MULE is a non-profit, independent media project based in Manchester, England. It is openly political and critical of local councils and politicians, big business, and property developers, privatisation of public space, public bodies and Greater Manchester Police.

== History ==
The first pilot print issue came out in 2006. The idea for the project was born out of the now closed Basement social centre in Manchester. The founders wrote "A spectre now haunts the world: a global commercial media system dominated by a small number of huge corporations. It is a system that works to advance the cause of the global market and promote commercial values, while denigrating journalism and culture not conducive to the immediate bottom line or long-run corporate interests. Ten years ago in the UK, the media was spread across 50 companies. Now, when its down to four conglomerates. The few major media multinationals have unprecedented power, owning press and television, book publishing, film production, and databases. The British government has recently announced a relaxation of the media rules allowing conglomerates to swallow even more of the industry."

The original paper was designed as a national paper with local sections for different cities. It was relaunched in 2008 as a local Manchester-focused project.

The newspaper had a quarterly print run of 10,000, distributed free around the city of Manchester until August 2010. In 2010 the group became incorporated as Mule Media Ltd and is part of the Co-ops UK network.

==Mission and description==
MULEs mission is to reach out to a wide-ranging cross-section of society, producing an accessible and tabloid style paper, which aims to address issues the mainstream local media neglect via investigative journalism. It focuses on a number of areas its members consider important, particularly local democracy, corporate power and big business in Manchester, local public bodies and quangos, property developers and regeneration, right-wing extremism and racism (particularly the British National Party and English Defence League), deportation and detention of migrants, community campaigns, and local cultural events. It has been critical of the Conservative-Liberal Democrat Coalition and has actively reported on local groups fighting the government's austerity drive and cuts to public services.

MULE is openly political and critical of local councils and politicians, big business, and property developers, privatisation of public space, public bodies and Greater Manchester Police. It is committed to social, economic, and environmental justice and social change.

The website also provides an online diary (which includes all of Manchester City Council's public meetings) for local groups to post events on. On the website the collective encourage new writers to get involved and for local people to send in their stories.

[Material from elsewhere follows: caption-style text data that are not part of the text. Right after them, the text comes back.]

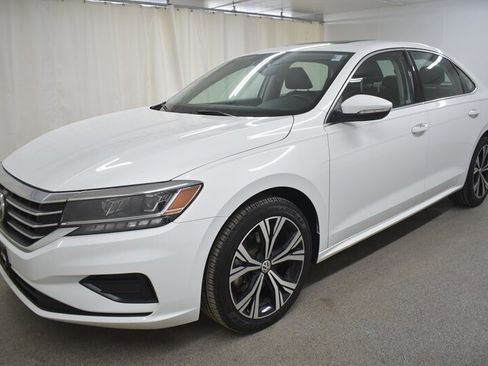 Used 2021 Volkswagen Passat 2.0T SE image 3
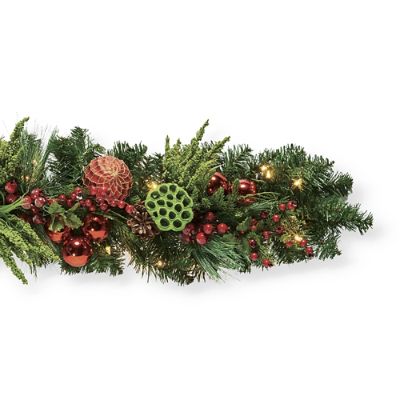 A Wonderful Christmas Garland | Frontgate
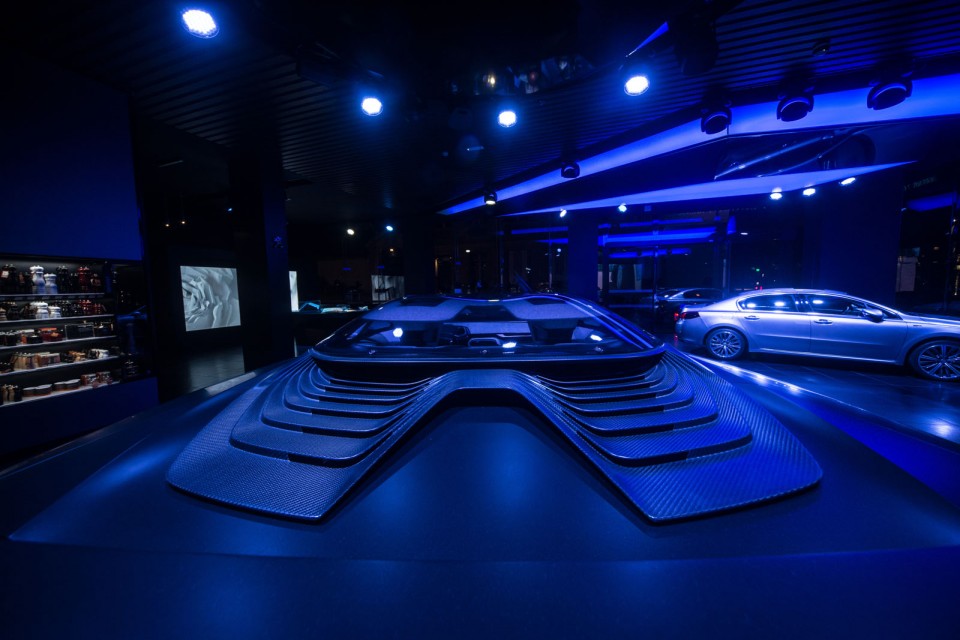 Nouvelle vitrine Peugeot Avenue Paris - Septembre 2014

==Editors and contributors==
MULE is unusual in that it practices a collective editing process. This means that instead of having one editor who makes major decisions alone, the approval of sub-editors and management collective members is required. This is a similar method of organizing to the New York-based Indypendent Newspaper.

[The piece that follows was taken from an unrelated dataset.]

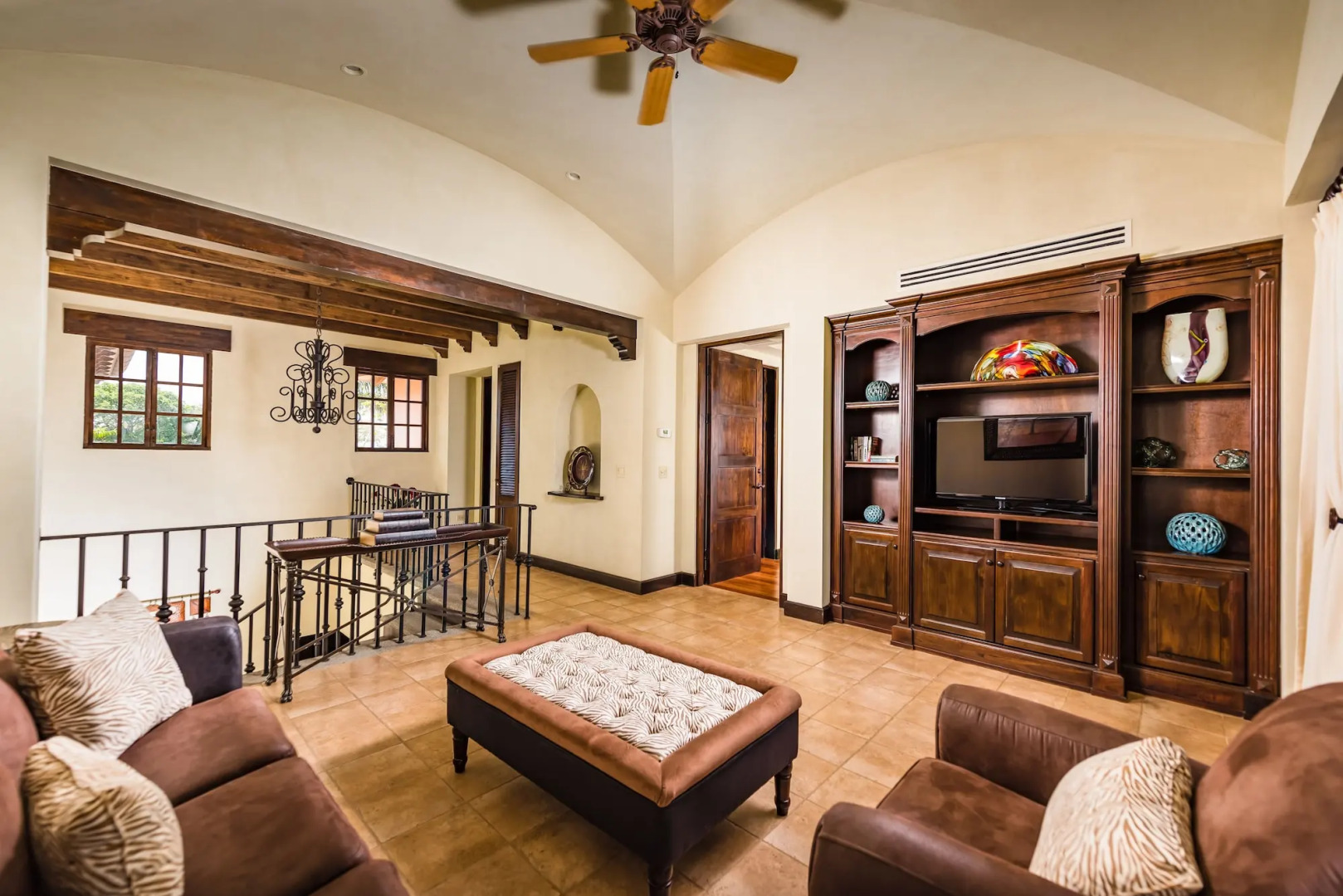 Luxury Vacation Rentals At Hacienda Pinilla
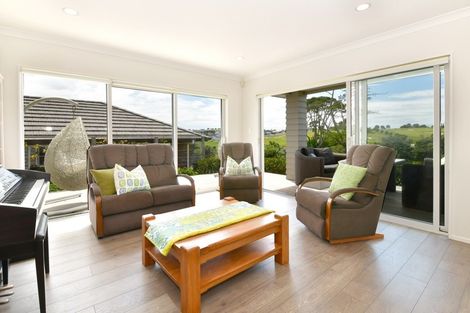 Photo of property in 39 Discovery Drive, Gulf Harbour, Whangaparaoa, 0930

The writers and researchers for MULE have varying levels of journalistic experience, from first-time writers to professional journalists. At present MULE is entirely volunteer-run with no paid staff in the core group of six individuals. The MULE collective however has expressed its desire to pay its core members. MULE provides occasional workshops and media training for new writers and contributors.

== Funding ==
MULE is funded by various foundations and funding bodies, and is trying to diversify its income through individual donations, subscriptions, merchandise and advertising.